Acheter en Espagne : le bien n’est presque jamais le problème

Beaucoup pensent que le plus compliqué est de trouver un bien en Espagne, mais dans la majorité des cas, ce n’est pas le sujet.

Aujourd’hui, l’accès aux annonces est simple. Les biens sont visibles, comparables et accessibles à distance. Il est relativement facile d’identifier une maison ou un appartement correspondant à ses critères.

En revanche, ce qui pose réellement problème se situe ailleurs, souvent en amont du projet.

 

Le vrai sujet est : comprendre les implications entre la Suisse et l’Espagne

Dans un projet impliquant la Suisse et l’Espagne, l’immobilier n’est qu’une partie de l’équation.

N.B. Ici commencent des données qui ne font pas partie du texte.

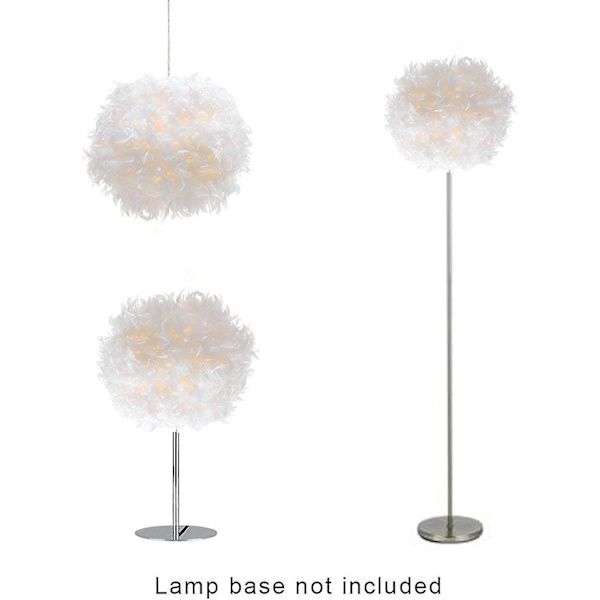 Hvid fjerloftlampe, ikke-elektrisk lampeskærm, reducerende ring til ophængning, til stue, spisestue, 30 cm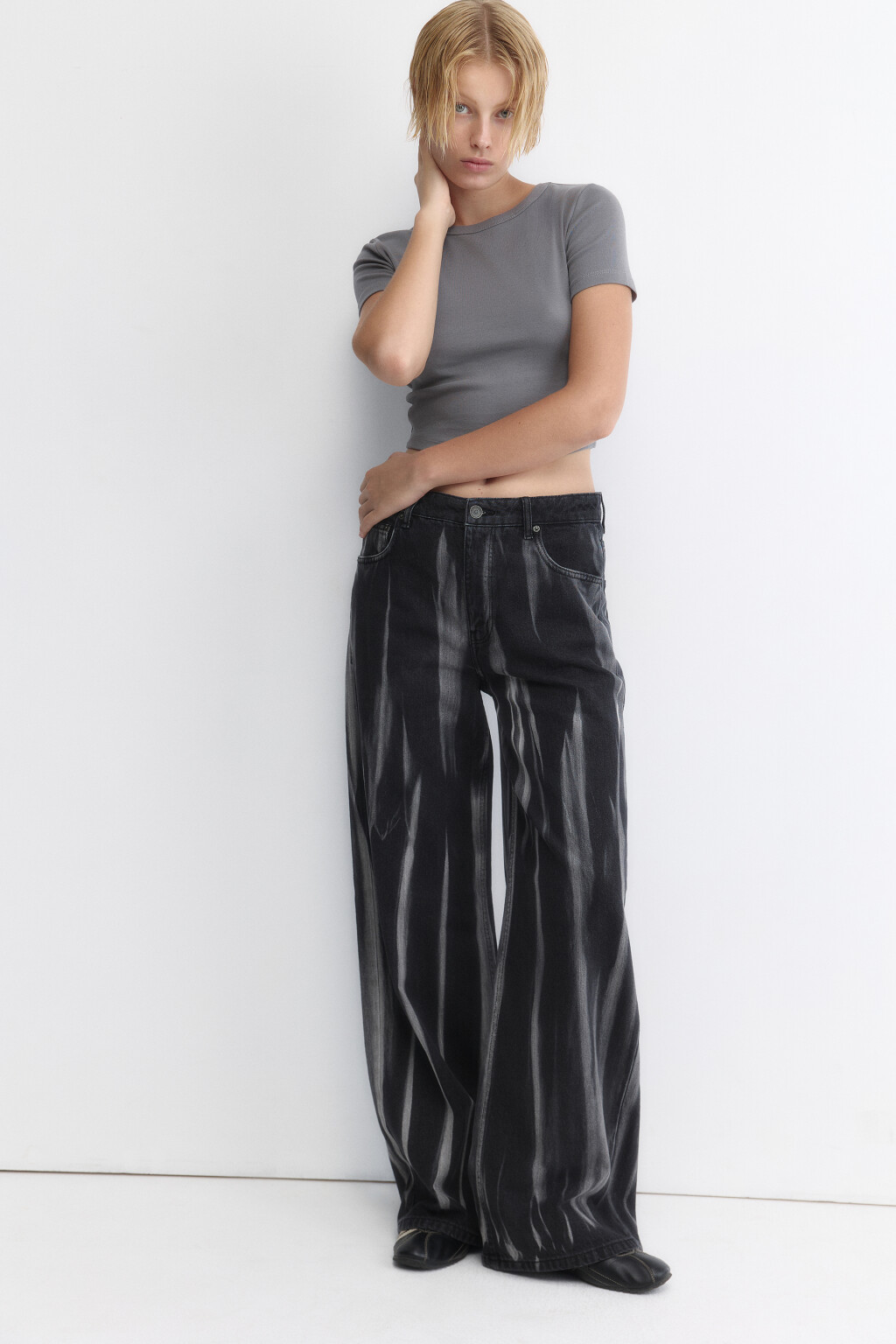 Джинсы baggy fit со средней посадкой - цвет черный - 1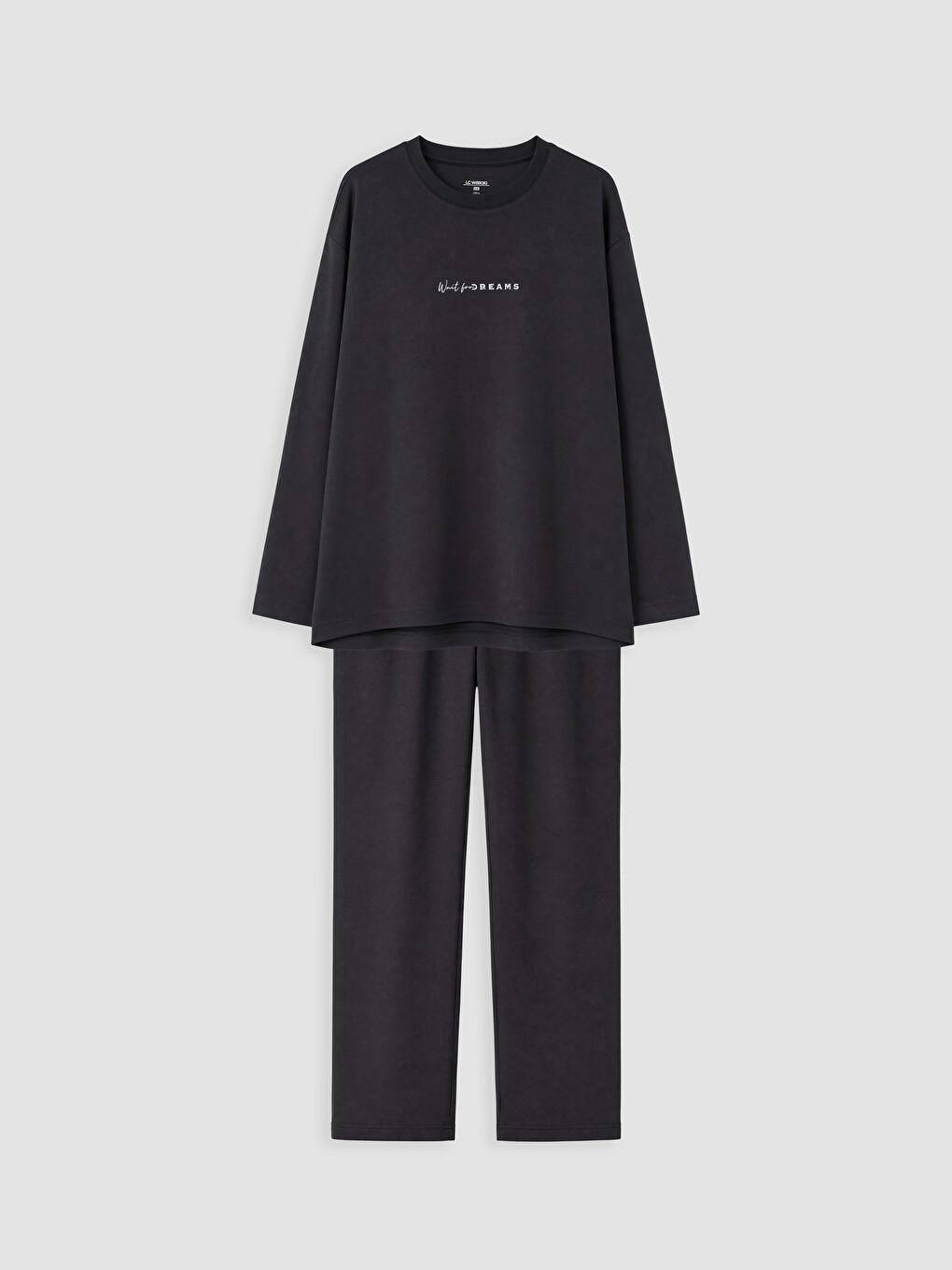 Antrasit Regular Fit Baskılı Erkek Pijama Takımı-4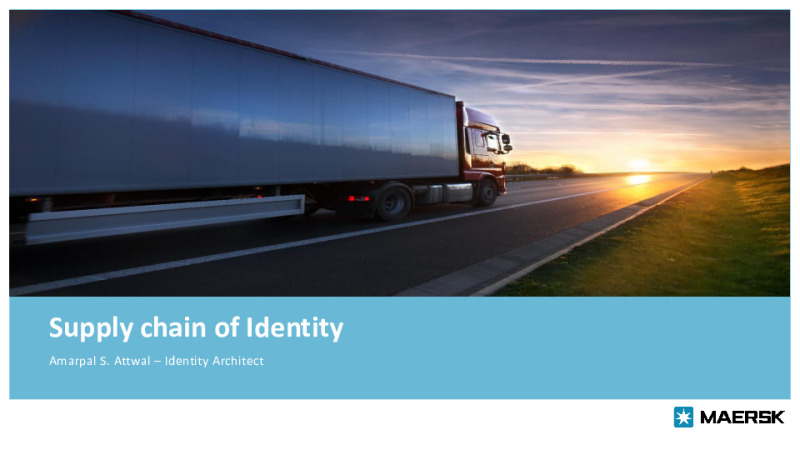 The Supply Chain of Identity in Transport and Logistics
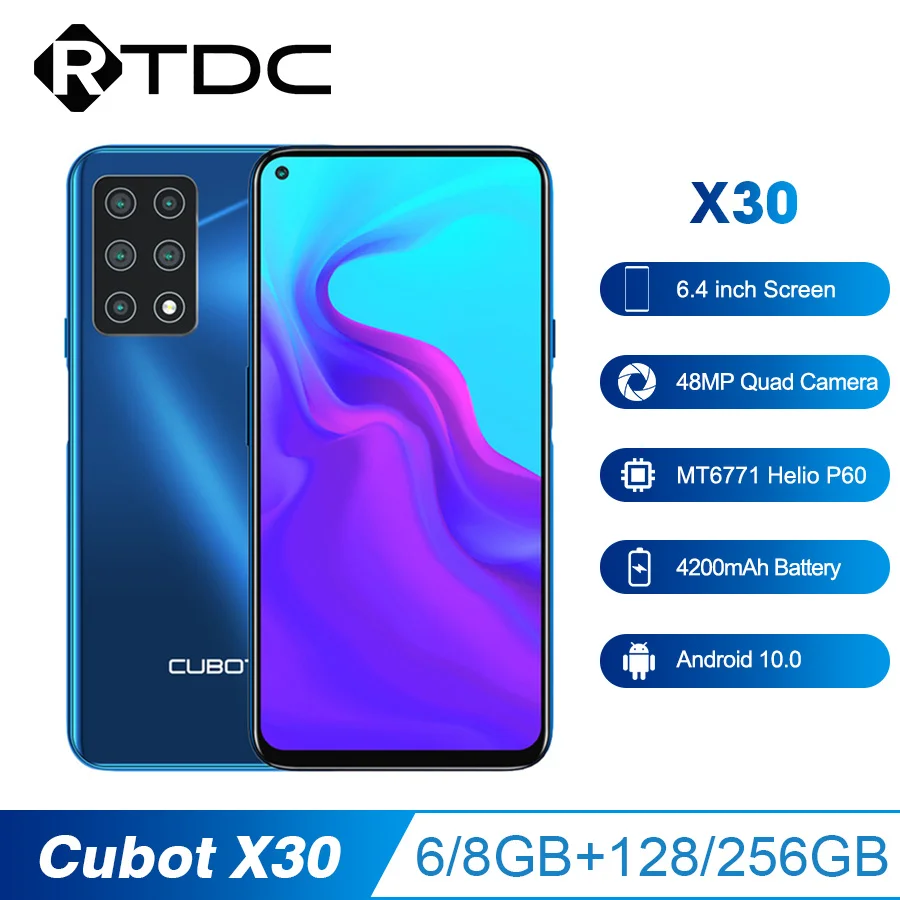 Смартфон Cubot X30 6 4 дюйма FHD + 6/8 ГБ 128/256 48 МП 5 камер NFC Android 10 Helio P60 4200 мАч | Мобильные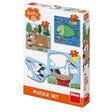 Dinotoys dino puslespil - baby: hvor dyrene bor - 3 til 5 stykker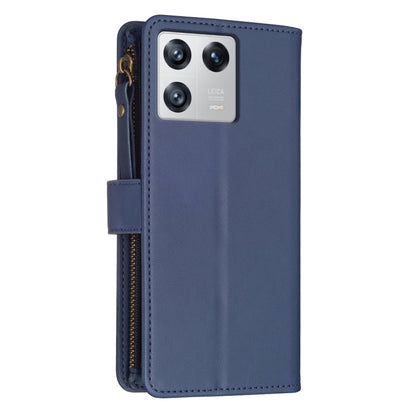 For Xiaomi 13 9 Card Slots Zipper Wallet Leather Flip Phone Case(Blue) - Xiaomi Cases by buy2fix | Online Shopping UK | buy2fix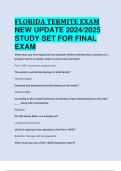 BEST REVIEW FLORIDA TERMITE EXAM NEW UPDATE 2024/2025  STUDY SET FOR FINAL  EXAM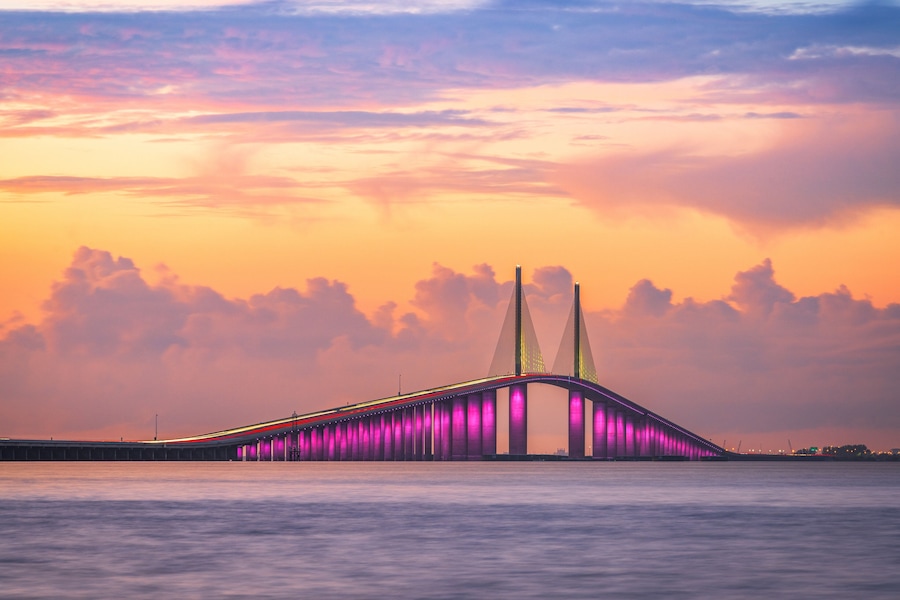 Sunshine Skyway Bridge at Dusk 709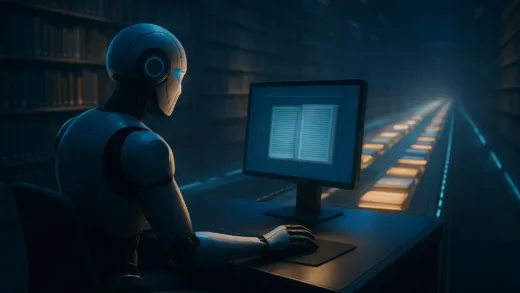 A futuristic library where a robot is clicking a computer mouse, and thousands of digital books are being generated instantly on a high-speed conveyor belt, cinematic lighting.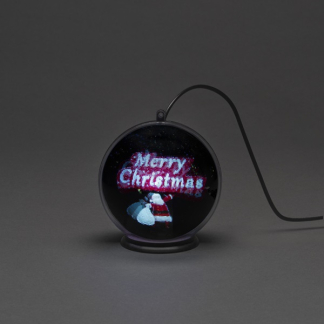 Konstsmide Kerstbol met kerstman en cadeauzak | Konstsmide | Ø 10 cm (Bewegend beeld, Timer, USB kabel, Binnen) 1551-700 K150303772 - 2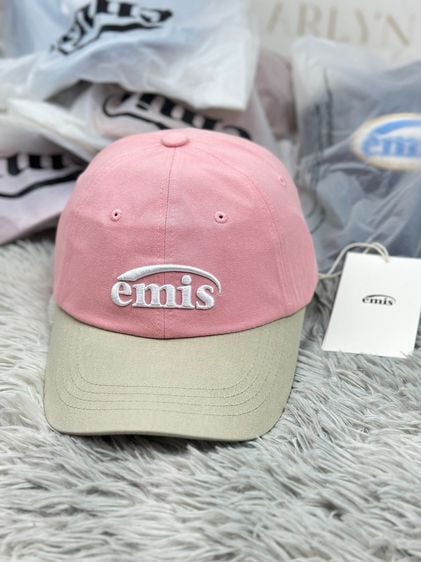 หมวกและหมวกแก๊ป หมวกแก๊ป emis สีชมพู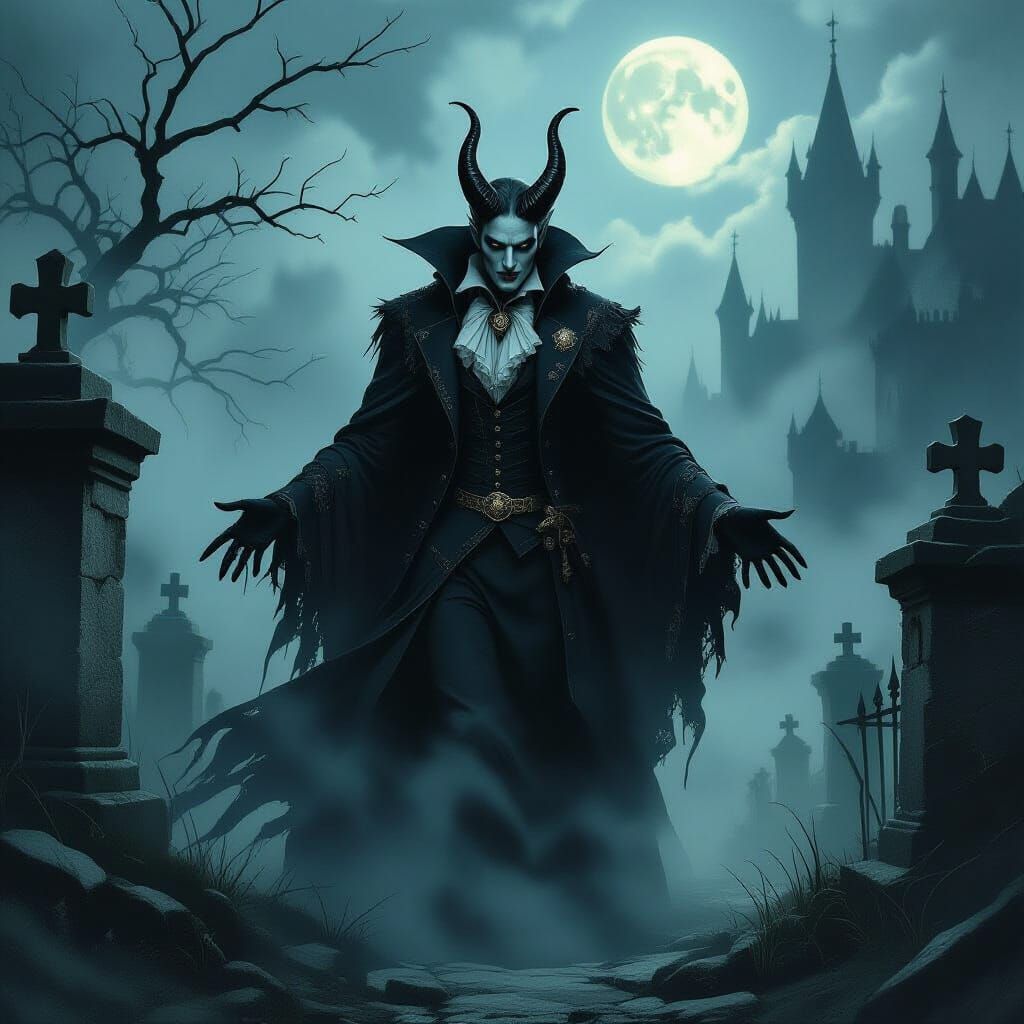 Gothic Vampyr Emerges from Misty Graveyard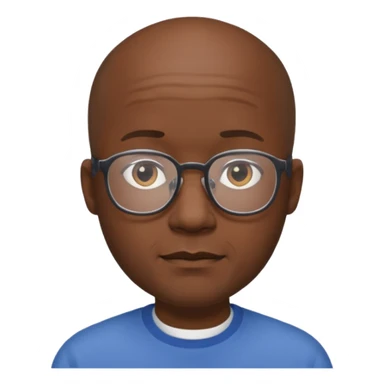 Balding black man with glasses and hair around the sides sticker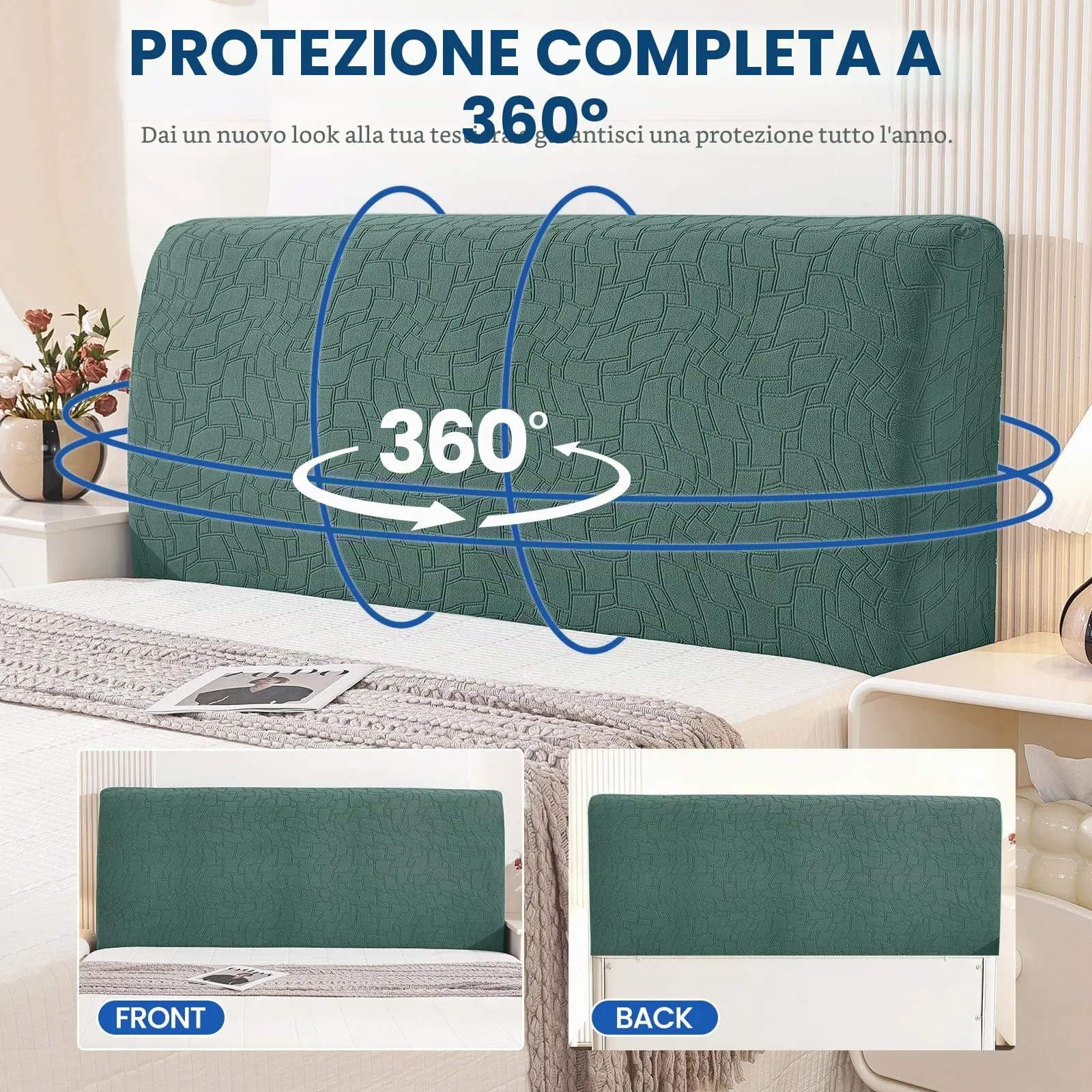 Ystyle Copri Testiera Letto Elasticizzata Universale, 90cm, Verde Arachide - immagine 6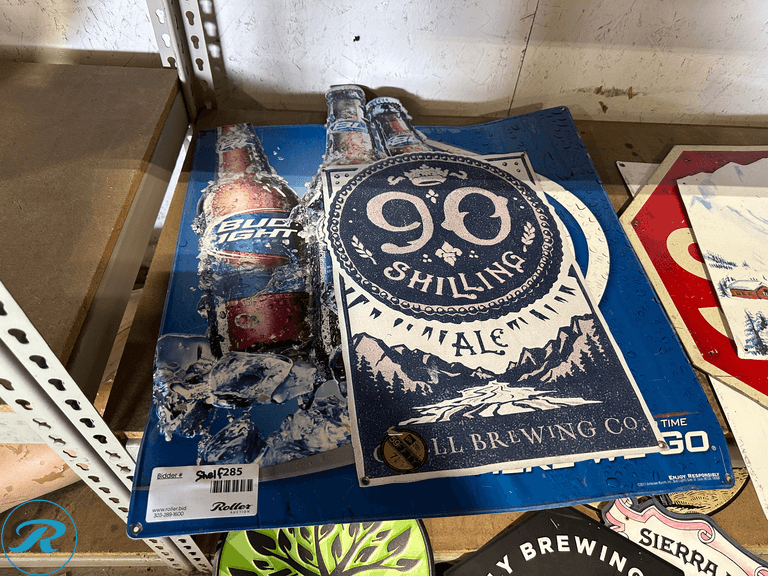 Shelf of Beer Signs - Roller Auctions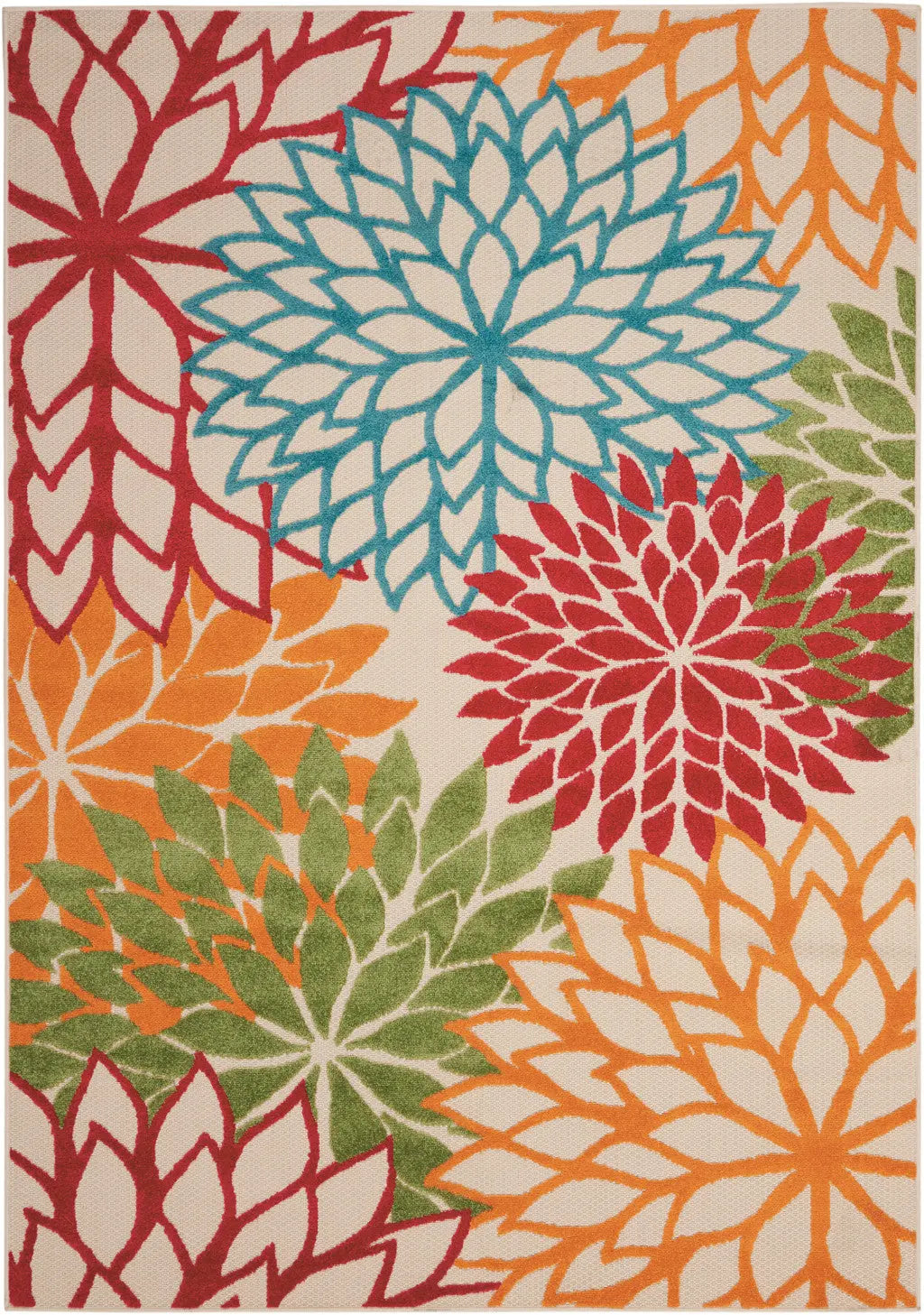 5' X 8' Ivory Green Blue Red And Orange Floral Indoor Outdoor Area Rug Homeroots Outdoor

Les questions les plus sensibles concernent généralement :

  • la fiscalité entre la Suisse et l’Espagne
  • la structuration du projet en fonction de la situation personnelle
  • l’utilisation du 2e pilier (LPP), qui constitue souvent un point central du projet et nécessite une analyse précise
  • le changement de résidence fiscale
  • les démarches administratives liées à l’installation

Ces éléments ne sont pas visibles dans une annonce immobilière, mais ils conditionnent directement la viabilité du projet.

Dans la pratique, ce sont souvent ces points qui génèrent des incompréhensions ou des décisions prises trop rapidement, faute d’avoir une vision globale.

 

Pourquoi les erreurs arrivent tôt dans le processus

Dans la plupart des cas, les décisions importantes sont prises avant même la signature :

  • choix du financement
  • organisation du patrimoine
  • anticipation fiscale
  • compréhension des obligations dans chaque pays

Un point souvent sous-estimé concerne l’ensemble des coûts liés à l’acquisition, ainsi que leur traitement fiscal.

Au-delà du prix du bien, il convient d’intégrer les impôts et taxes applicables en Espagne (notamment les droits de mutation ou la TVA selon le type de bien), ainsi que les frais annexes (notaire, enregistrement, gestion).

Les honoraires d’agence font également partie des éléments à analyser. Ils peuvent varier selon les situations et atteindre jusqu’à environ 6 % du prix du bien. Ces montants sont généralement exprimés hors TVA de 21 %, ce qui peut représenter une différence significative sur le montant final.

Ces éléments ne sont pas toujours clairement identifiés au départ, ce qui peut créer un écart entre le budget prévu et le coût réel de l’opération.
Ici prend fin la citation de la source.